Marbled Eye, Leisure (Erste Theke Tonträger)

Nous avions découvert les Américains de Marbled Eye par l’intermédiaire d’une cassette sur le label parisien Gone With The Weed (Police Control, Marauder, Sun Sick, etc.) en 2016. Le 45 tours publié l’année dernière sur Digital Regress (The Shifters) et Erste Theke Tonträger (The Coneheads) confirmait les appétences de la formation d’Oakland pour un post-punk galvanisant, sans nostalgie mal placée. Leisure (2018), premier album de Marbled Eye, toujours chez les Digital Regress (pochette rouge) et Erste Theke Tonträger (pochette bleue) vient à point nommé pour convertir les derniers récalcitrants à la nouvelle vague froide nord-américaine.

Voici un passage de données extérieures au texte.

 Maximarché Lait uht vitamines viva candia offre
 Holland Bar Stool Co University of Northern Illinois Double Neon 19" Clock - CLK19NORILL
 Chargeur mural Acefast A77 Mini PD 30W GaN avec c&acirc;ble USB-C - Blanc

En neuf chansons concises et raides, les Californiens déploient leur savoir-faire sans temps morts, ni mansuétudes pour les étourdis. Pas ici pour rigoler (ni pour jouer au scrabble, a priori), Marbled Eye déferle dans un maelstrom de mélodies glacées propices à des enchevêtrements de guitares au son sec et râpeux. Le chant, distant et fier, fulmine d’une colère sourde et résignée. Open Hand nous assomme par la bestialité du riff du couplet avant d’ouvrir sur un refrain, qui, s’il n’est pas lumineux, donne à voir une étincelle diaphane. S’éloignant rarement d’un format ramassé, le groupe s’épanouit dans des constructions paradoxalement pop qui autorisent cependant quelques cavalcades hypnotiques, amenant des respirations dans ce bloc compact. Foundation, en particulier, s’appuie sur des entrelacs électriques au delà des trois minutes réglementaires. La conclusion de Leisure offre ainsi un mouvement salvateur dans l’ampleur des motifs répétitifs de guitares tourbillonnant jusqu’à l’obsession. Si Marbled Eye possède quelques affinités avec d’autres formations comme Spray Paint ou Crack Cloud, il n’en épouse pas les glissements expérimentaux. Nous pensons surtout (en plus pop et moins punk) à d’autres Californiens : les fébriles Rank Xerox, dont l’album reste l’un des meilleurs disques du genre des dix derniers années. Leisure ne constitue certes pas une surprise par rapport aux productions précédentes de Marbled Eye, mais il confirme certainement la maîtrise et l’assurance d’un groupe doué pour créer des climats anxiogènes et menaçants.